(Data extracts)

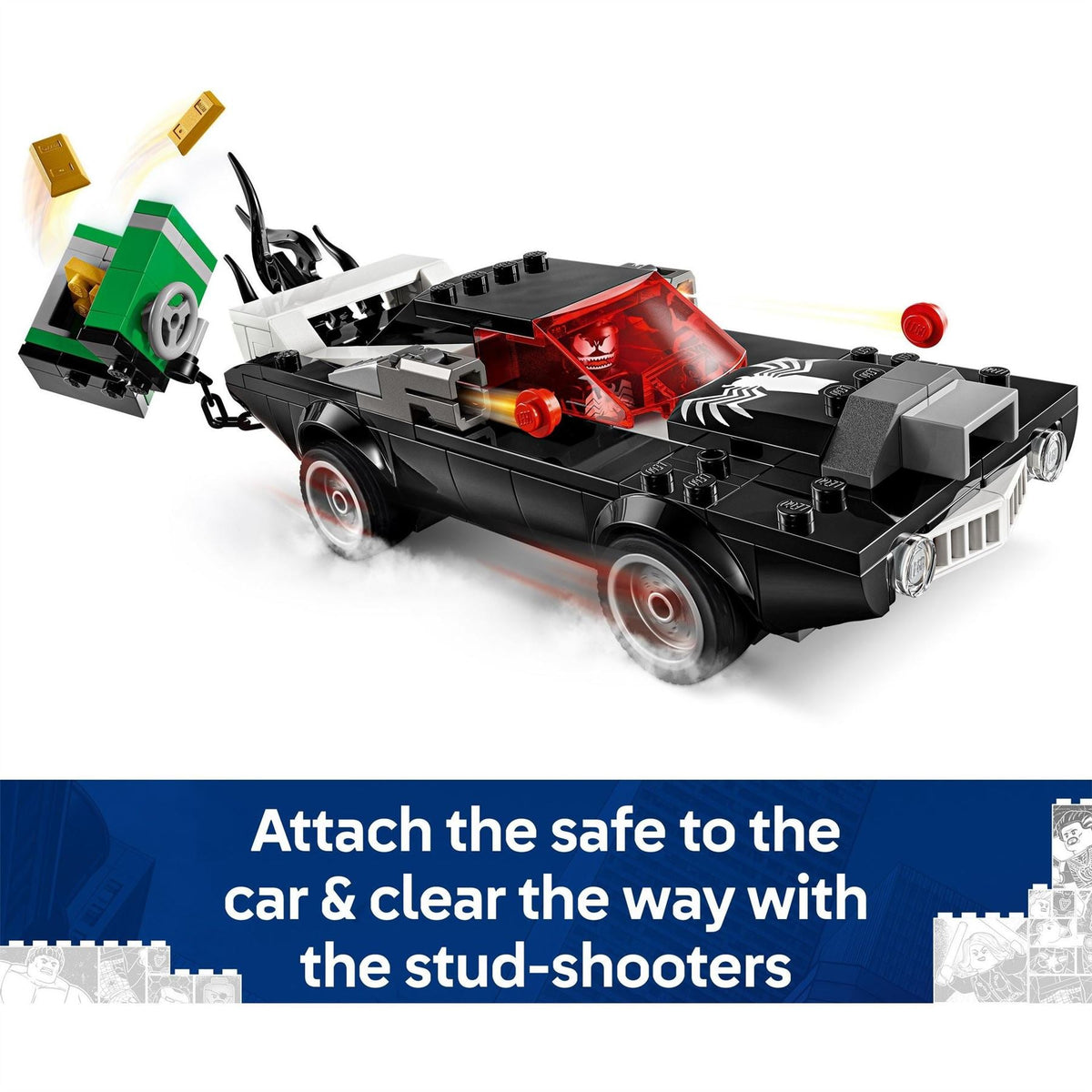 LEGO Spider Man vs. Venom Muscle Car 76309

(End Data extracts)
(Data extracts)

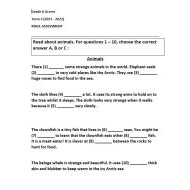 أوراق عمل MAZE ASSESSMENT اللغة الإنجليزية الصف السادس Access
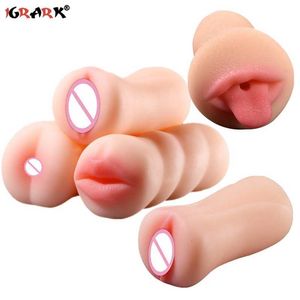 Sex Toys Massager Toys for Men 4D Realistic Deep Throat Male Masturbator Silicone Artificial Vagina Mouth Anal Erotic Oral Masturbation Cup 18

(End Data extracts)

■ **What is being asked**:
Look above and copy only the lines from the one holding "أوراق عمل MAZE" to the one holding "Sex Toys Massager", both included, exactly, minus the pictures.

■ **Answer to the problem**:
 أوراق عمل MAZE ASSESSMENT اللغة الإنجليزية الصف السادس Access
 Sex Toys Massager Toys for Men 4D Realistic Deep Throat Male Masturbator Silicone Artificial Vagina Mouth Anal Erotic Oral Masturbation Cup 18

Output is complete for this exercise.